Compilers have bugs, but triggering them and detecting them is difficult. The input space is huge as the compiler accepts all possible programs, after which the compiled program also accepts its own inputs. It's usually impossible to generalize test coverage. Just because one program is compiled correctly doesn't say much about the next. Manually curating test programs does not scale. To tackle these challenges, it's valuable to leverage automation to efficiently explore the input space.

Fuzzing is a technique of randomly generating inputs to unit tests to attempt to find bugs. Google FuzzTest purposefully chooses inputs that explore more parts of the program. Google FuzzTest is coverage guided, meaning that it will try to generate inputs that execute previously unvisited parts of the code. Fuzzing is also quite efficient, allowing for many inputs to be generated in a short amount of time. The IR Fuzzer uses Google fuzzing to generate a vast amount of compiler inputs in hopes of finding bugs. More specifically, the IR Fuzzer generates xls::Function objects.

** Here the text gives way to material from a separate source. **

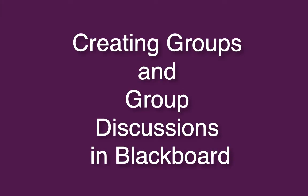One, two, here we go. Hey faculty, I'm putting together a brief tutorial for you on how to put students into groups and to do group discussion in Blackboard.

To make the compilation pipeline more organized, XLS is split up into several layers. You start at the DSLX programming language layer, which then gets compiled into the XLS intermediate representation (IR) layer, which then eventually becomes Verilog. The IR Fuzzer generates fuzzed IR because we want to find bugs in the IR specifically. Additionally, we will be able to pass the fuzzed IR to downstream XLS layers to find bugs in these layers as well.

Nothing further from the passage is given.